Francisco L. Navarro 

     Veo con frecuencia documentales sobre la naturaleza y me subyuga ver los ingentes esfuerzos que realizan algunos países, incluso con economías más bien deprimidas, para salvar especies de plantas o animales de los que se considera que están “en peligro de extinción”.

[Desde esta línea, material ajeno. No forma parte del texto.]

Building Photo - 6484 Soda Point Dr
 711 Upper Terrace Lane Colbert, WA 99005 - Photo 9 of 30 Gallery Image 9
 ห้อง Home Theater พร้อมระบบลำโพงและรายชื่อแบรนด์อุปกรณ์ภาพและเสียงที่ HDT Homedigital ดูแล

     Contrastan estos esfuerzos con el desolador panorama que ofrecen grupos de seres humanos en los puros huesos, con los vientres hinchados por la desnutrición y comidos por las moscas, que se hacinan en lugares eufemísticamente denominados “campamentos” mientras esperan, con la mirada perdida, que la muerte acabe con sus sufrimientos.

 

     He pensado mucho en esta controversia. Luego, me he imaginado lo que podría llegar a ser el mundo si no protegiéramos adecuadamente las especies salvajes y he llegado a la conclusión de que sería desolador. Perderíamos la oportunidad de contemplar la belleza, fiereza, agilidad... y, tal vez, otras cualidades que para sí quisieran los humanos.

 

     Siguiendo con mis pensamientos he intentado llegar a la razón por la que dedicamos tantos esfuerzos en ayudar a la fauna salvaje y tan pocos en salvar a la especie humana.

 

     Y, al fin, lo he descubierto. Pese a los ingentes esfuerzos que estamos haciendo contaminando las aguas, agotando la capa de ozono, generando residuos radioactivos, etc. resulta que el hombre todavía no ha entrado en la categoría de “especie en peligro de extinción”.

 

     No obstante, como no sé quien decía, “todo se andará”. Está claro que los grandes males requieren grandes soluciones y así lo dice el conocido refrán, pero ¿no hay acaso, también, pequeñas soluciones?

 

     Sin ir más lejos: ¿necesitamos el aire acondicionado a la temperatura en que lo tenemos habitualmente?; ¿es tan costoso el participar de modo más activo en el reciclaje de residuos?; ¿no sería más saludable prescindir de cuando en cuando del uso del automóvil y disfrutar de un paseo por la ciudad?

 

     Recuerdo que, cuando era niño, me resultaba sorprendente conocer a alguien que no había visto nunca el mar, y, sin embargo, era así. Había personas que por las dificultades de transporte, por carecer de medios económicos, etc. solo conocían el mar a través del cine. Me pregunto si tenemos conciencia del tiempo que deberá transcurrir para que nuestros descendientes se queden maravillados cuando vean un río, puesto que estamos haciendo unos esfuerzos ingentes por eliminarlos o, en el mejor de los casos, convertirlos en vertederos.

 

     Y, si miramos al cielo, en más de una ocasión nos habremos preguntado si no resulta paradójico que esas inmensas cortinas de humo que, a través de nuestras fábricas, enviamos a la atmósfera como si no tuviéramos que respirarla, realmente están sirviendo para anticipar nuestro fin antes que para elaborar algo que pueda mejorar nuestra calidad de vida.

 

     Seguramente no hará falta pensar mucho para encontrar distintas formas de participar en la tarea de conseguir un mundo menos contaminado y, sin duda, llegaremos hasta a descubrir que tantas cosas de las que tenemos a nuestra disposición son mero capricho y que si hubiéramos prescindido de su compra ni siquiera habríamos sentido la necesidad de usarlas.

 

     Mientras tanto, es lamentable que lo único en lo que nos asemejamos a los animales de “vida salvaje” es en la ferocidad con la que nos empeñamos en demostrar quién es el más poderoso, con el agravante de que las fieras matan para comer y los hombres lo hacemos exclusivamente por placer o por ansia de dominio.